> _ASSIGNED TASK_
From the listing that follows, reproduce only the lines from the one holding "Fun With Neon Spiral Art Kit" through the one holding "Leistungsumfang Personal Training", both included, with no pictures.

> _DATASET ENTRIES_
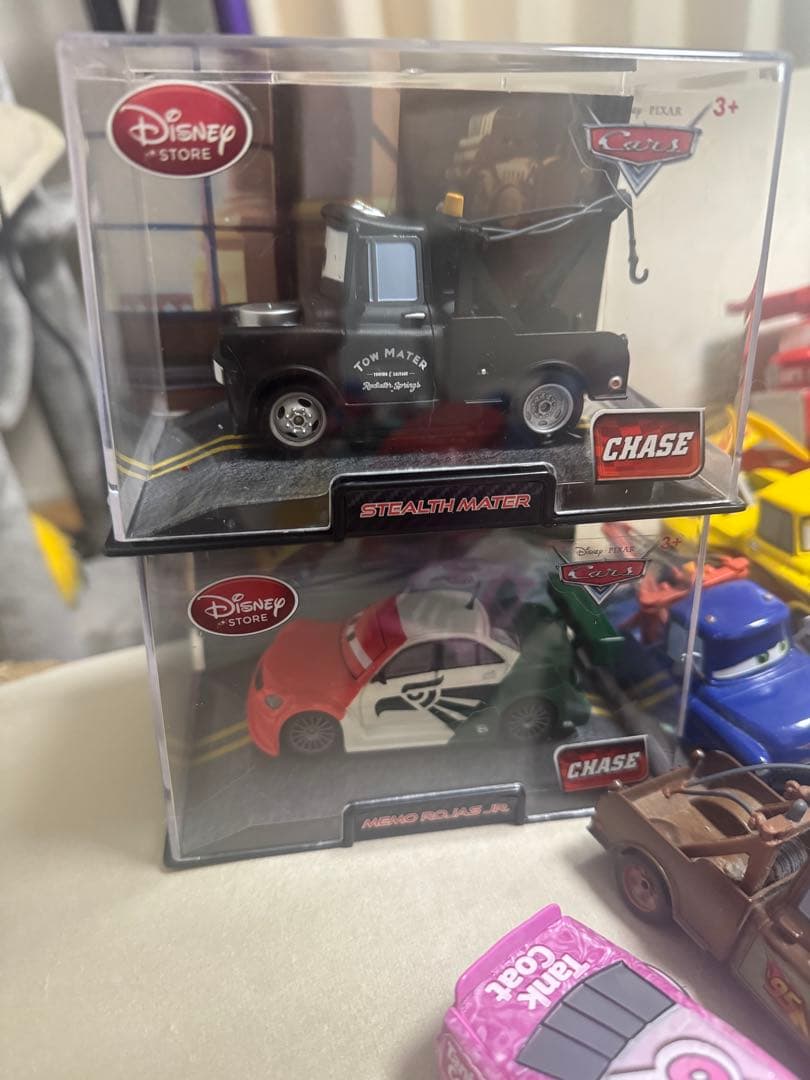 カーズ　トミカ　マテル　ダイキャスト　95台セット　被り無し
---
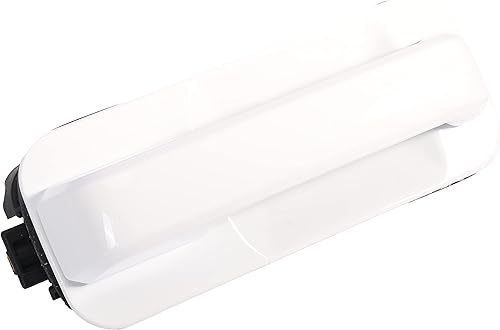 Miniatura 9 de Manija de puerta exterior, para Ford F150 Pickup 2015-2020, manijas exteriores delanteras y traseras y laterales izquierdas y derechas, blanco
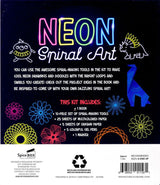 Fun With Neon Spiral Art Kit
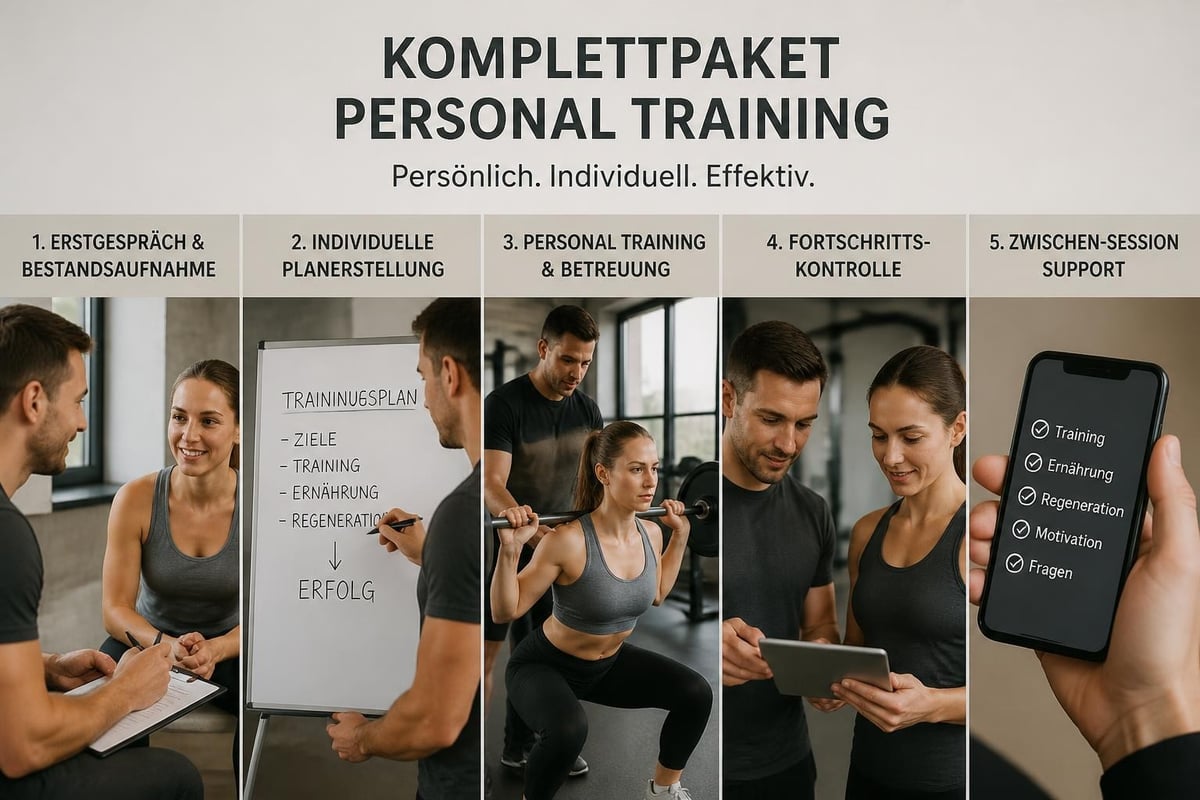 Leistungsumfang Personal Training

> _SOLUTION BELOW_
 Fun With Neon Spiral Art Kit
 Leistungsumfang Personal Training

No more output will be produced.